The musical is playing through this weekend at the New York Musical Theatre Festival (NYMF) with a star-studded cast of Broadway veterans, including Leslie Kritzer (“Sondheim on Sondheim”), Jeff Keller (“Phantom of the Opera” and “Fiddler on the Roof”) and Cheryl Stern (“La Cage aux Folles”). A finalist this year for the Richard Rodgers Award, “A Letter to Harvey Milk” has a book by Jerry James, music by Laura I. Kramer and lyrics by Ellen M. Schwartz.

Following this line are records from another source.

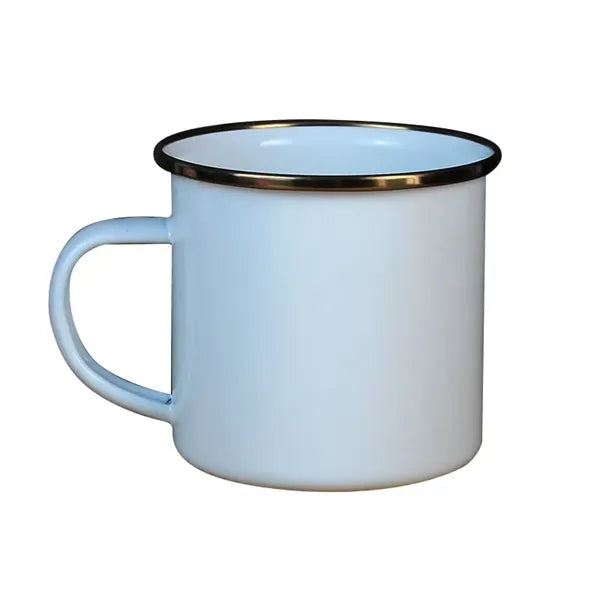 Silver Rim Enamel Mug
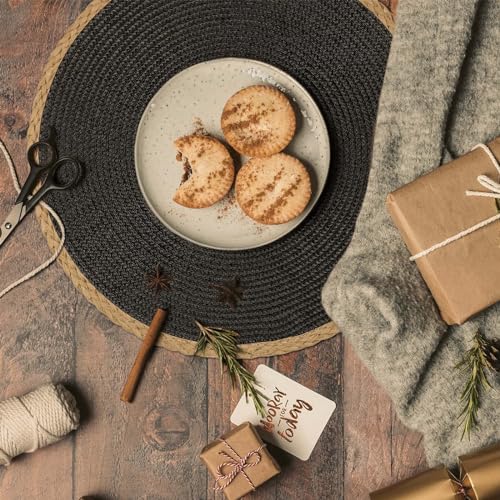 Black Round Placemats Set of 6 - Woven Table Mats with Thin Edge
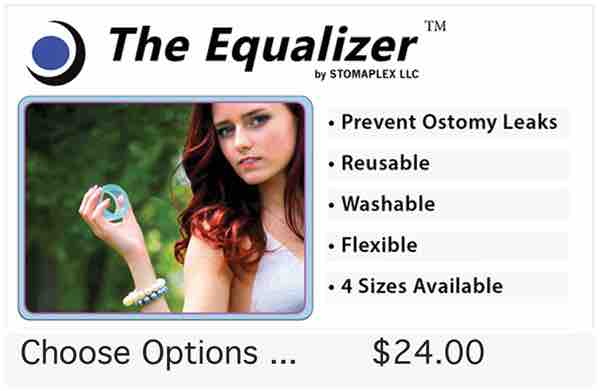 The Equalizer stops ostomy leaks. The Equalizer is a tool to apply pressure on the skin barrier when it is first adhered to the skin. The pressure from the Equalizer will help improve the bond.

Helmed by David Schechter, who wrote and directed the 1986 Off-Broadway play, “Hannah Senesh,” the musical centers on the elderly Harry (Keller), a retired kosher butcher who remembers Harvey Milk as one of his customers. When Harry takes a writing class, his teacher, Barbara (Kritzer), is stunned by the fictional “letter” that he writes as his first literary exercise, in which he mourns for Milk. As the two become friends, she learns about his beloved wife, Frannie (Stern), who has died, and Harry encounters Barbara’s pain from being cut off by her parents, to whom she came out as gay.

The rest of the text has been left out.